Lukas Kaelin, Andreas Telser, Ilaria Hoppe (Hrsg.)

Bielefeld 2021: transcript
Rezensent/-in: Hans-Dieter Kübler

Buchbesprechung

Printausgabe mediendiskurs: 26. Jg., 3/2022 (Ausgabe 101), S. 80-81

Vollständiger Beitrag als:

Bubbles & Bodies

Filterblasen und Echokammern („Bubbles“) auf der einen und körperliche Präsenz („Bodies“) auf der anderen Seite – das sind die beiden Pole, die die Entwicklung von Öffentlichkeiten gegenwärtig prägen, so die Einschätzung einer interdisziplinären Tagung an der Katholischen Privat-Universität Linz im November 2018, die in diesem Sammelband dokumentiert wird. Einerseits differenziert und fragmentiert sich die ehemals bürgerliche, von linearen (Massen‑)Medien transportierte Öffentlichkeit unter dem Einfluss sozialer Medien, von User-Gemeinschaften und aktiven „Produsern“ ständig aus, sodass kaum mehr kollektive Diskurse stattfinden und allgemeine Konsense entstehen können. Andererseits artikulieren sich diverse, auch militant agierende Gruppierungen in direkten Versammlungsöffentlichkeiten und Straßenprotesten unentwegt und bringen ihre kontroversen Anliegen vor, sodass immer weniger gemeinsame Orientierungen und Meinungsfindungen gelingen. Ohne Frage waren und sind der Begriff der Öffentlichkeit und die von ihm bezeichneten sozialen Prozesse vielschichtig, labil und widersprüchlich, nicht erst seit Jürgen Habermas’ berühmter Schrift über die Entstehung und den Strukturwandel der (bürgerlichen) Öffentlichkeit.

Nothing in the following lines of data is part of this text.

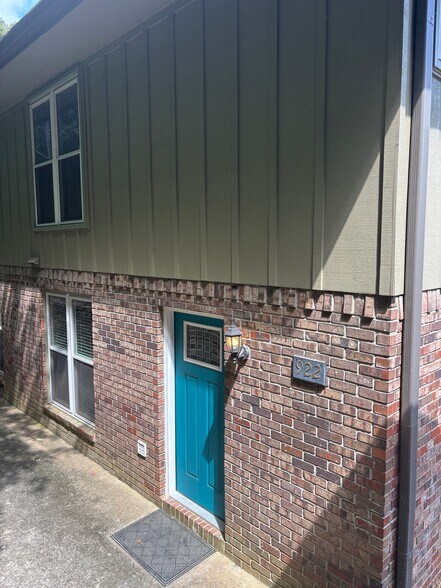 Building Photo - 918 Shingle Rd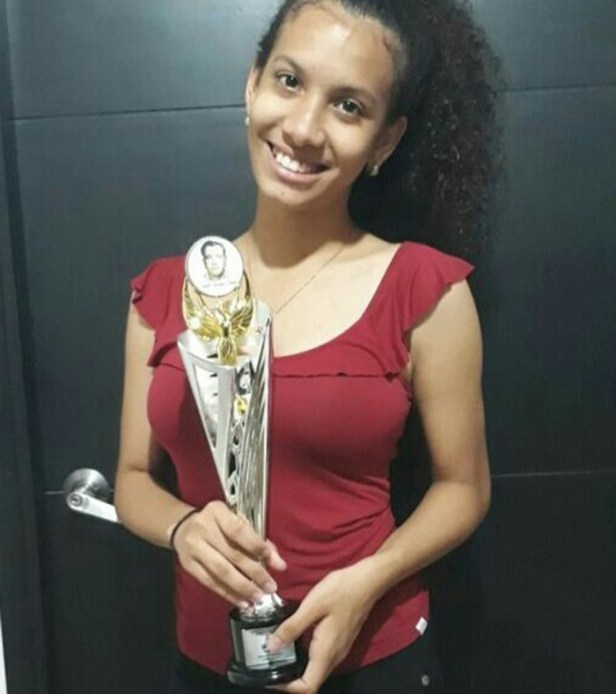 Jennifer Cohen, Segundo Puesto en Canto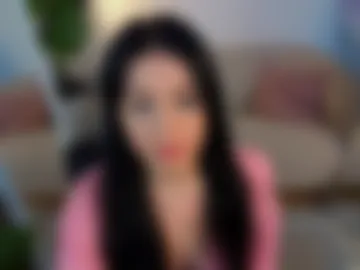 emmi_bennett photo 2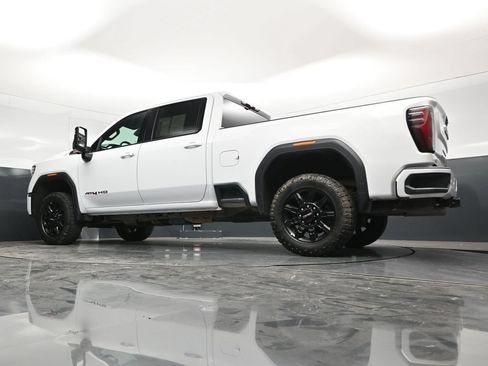 Used 2025 GMC Sierra 2500 AT4 AWD/4WD image 60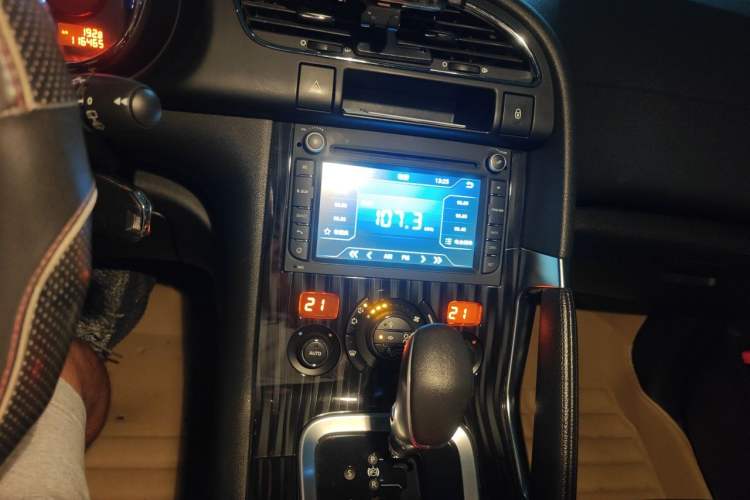 Used Peugeot 3008 2015 2.0L Automatic Trend Edition Audio And AC Panel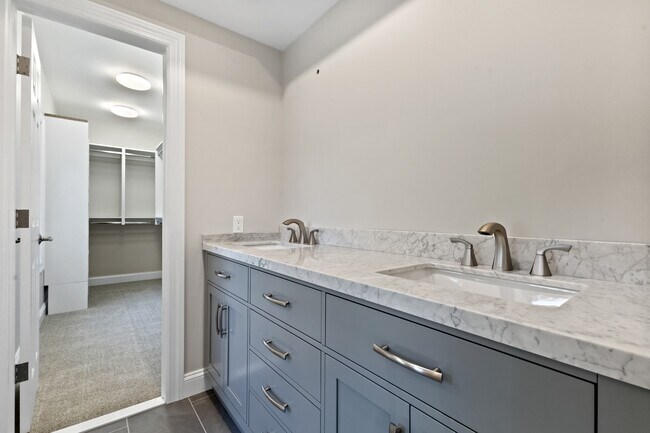 Building Photo - 40 Ledge Ave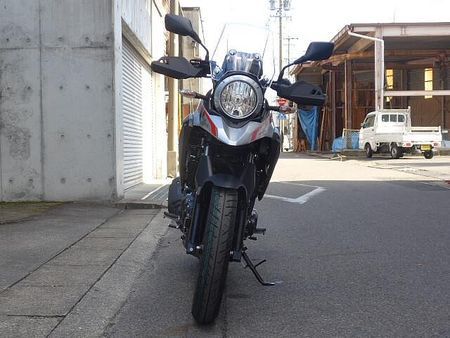スズキ Vストローム250 スズキ・アドベンチャースポーツの末っ子。新色シルバー爽やか! 13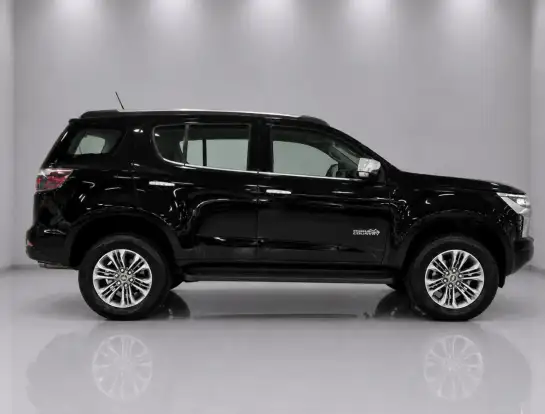CHEVROLET-TRAILBLAZER-2.8 16V TURBO DIESEL HIGH COUNTRY 7L 4X4 AUTOMÁTICO CHEVROLET-TRAILBLAZER-2025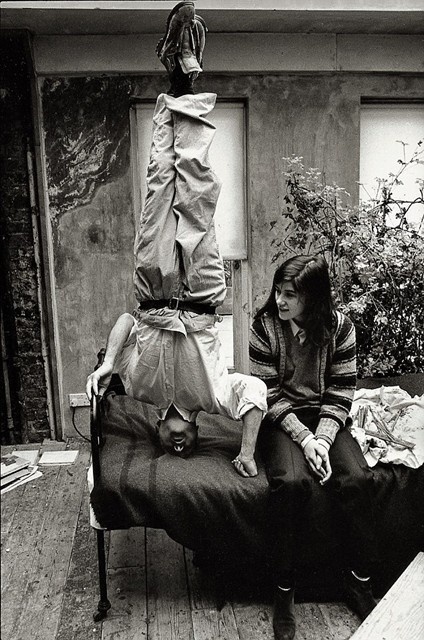 Lucian Freud standing on his head in his studio with his daughter, the fashion designer Bella Freud. #freud #lucien #people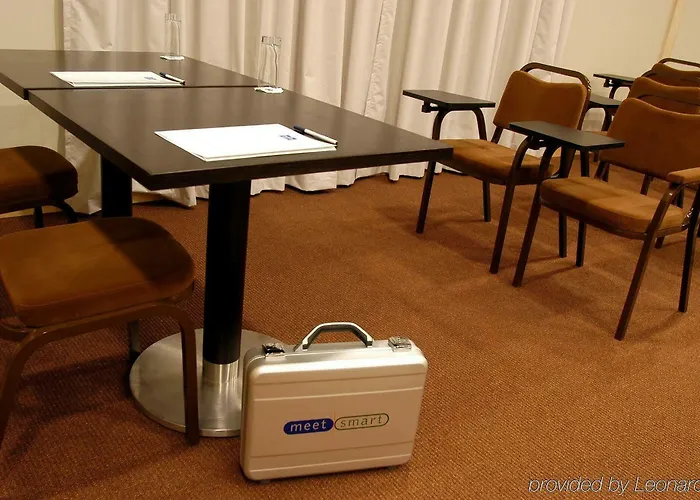 Hotel Express Lisbon-oeiras, An Ihg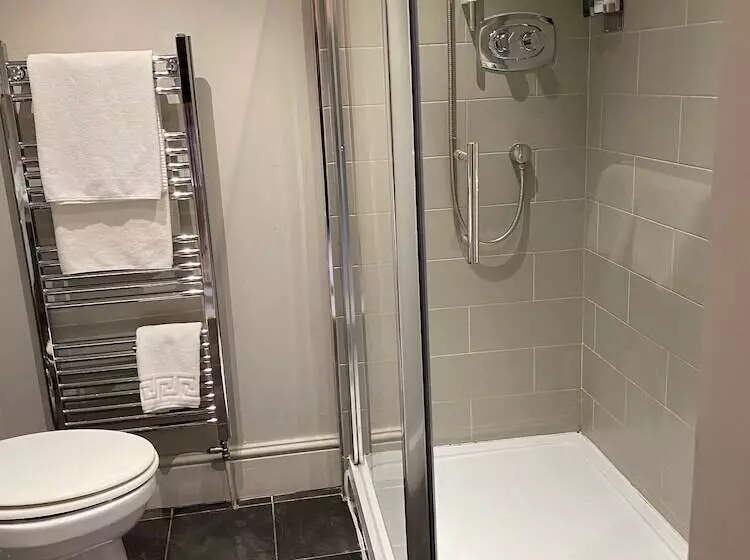 Отель The Admiral Hornblower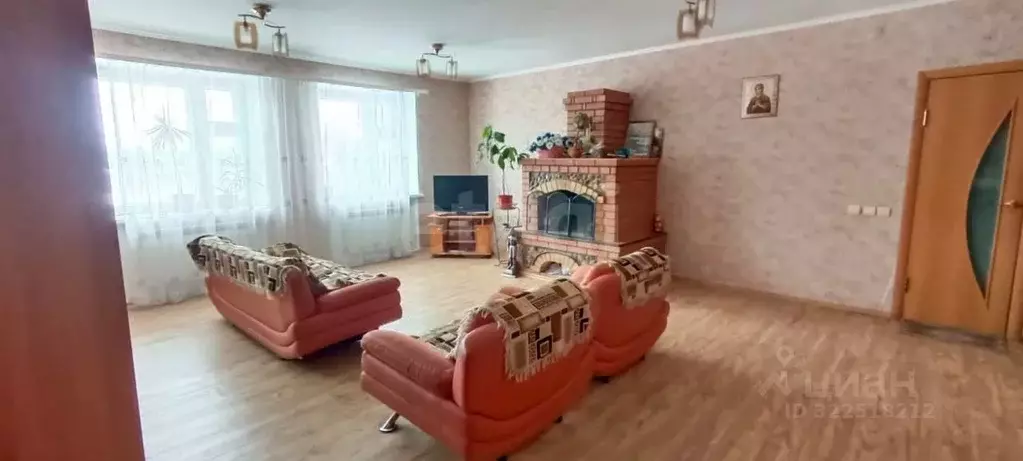 5-к кв. Вологодская область, д. Емельяново ул. Садовая, 15 (281.0 м) - Фото 0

Bekanntlich rekonstruierte er sie zunächst als rationales Forum und tendenziell herrschaftsfreien Identifikationsmagnet der sich herausbildenden bürgerlichen Gesellschaft, die dann unter dem Einfluss der ebenso kommerziellen wie ideologisch partikularisierten Massenmedien erodierte, wie die auf dieser Tagung vortragenden Vertreter*innen der drei Linzer Fachbereiche der Theologie, Philosophie und Kunstwissenschaft befinden. Sie ziehen die Traditionslinien der Öffentlichkeit sogar bis zur Antike, der athenischen Polis, zurück und fügen Habermas’ Theorie die Positionen John Deweys und Hannah Arendts hinzu: Für Dewey sind Staat und Öffentlichkeit identisch, für Arendt ist Öffentlichkeit eine anthropologische Grundkategorie, die sich in sozialen Prozessen immer wieder konkretisiert.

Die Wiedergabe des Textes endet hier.